_SOURCE DATA:_

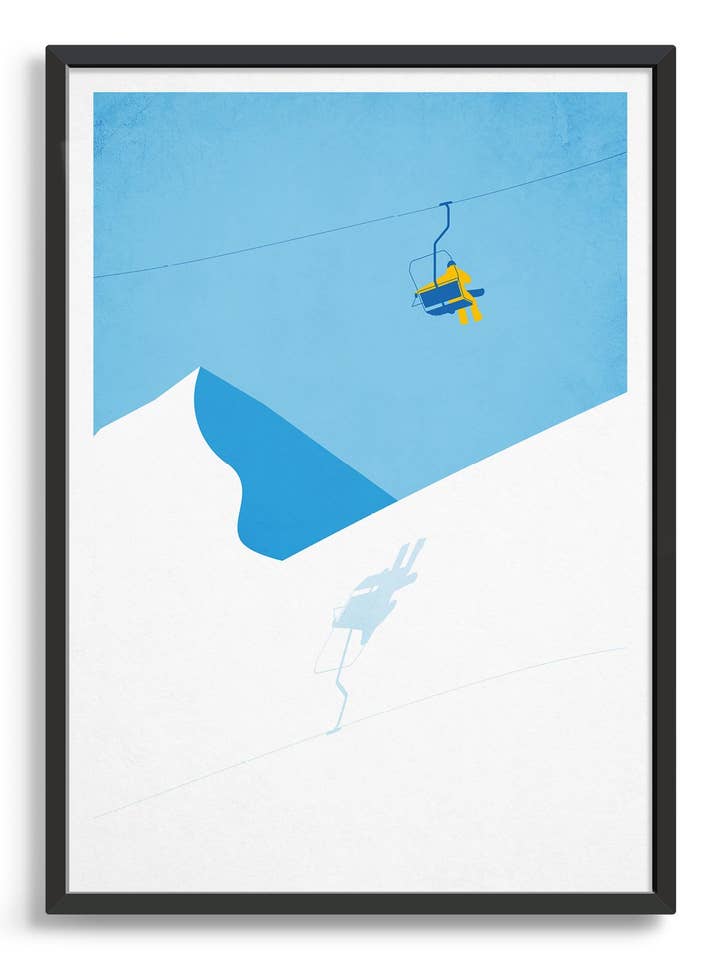 Télésiège de ski pour la vente par Rocket Jack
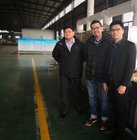 Fish Feed Extruder -- Visit From Singapore Customers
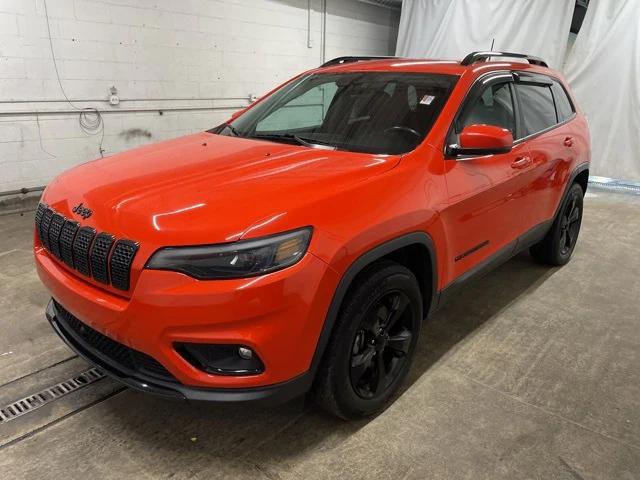 2021 Jeep Cherokee Altitude 4X4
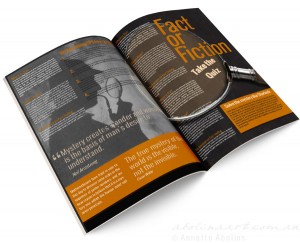 Read more about the article Magazine Design Mock-ups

_DIRECTIONS FOR THIS TASK:_ Hand back the data exactly as it appears, with all pictures cut.

_EXERCISE SOLUTION:_
 Télésiège de ski pour la vente par Rocket Jack
 Fish Feed Extruder -- Visit From Singapore Customers
 2021 Jeep Cherokee Altitude 4X4
 Read more about the article Magazine Design Mock-ups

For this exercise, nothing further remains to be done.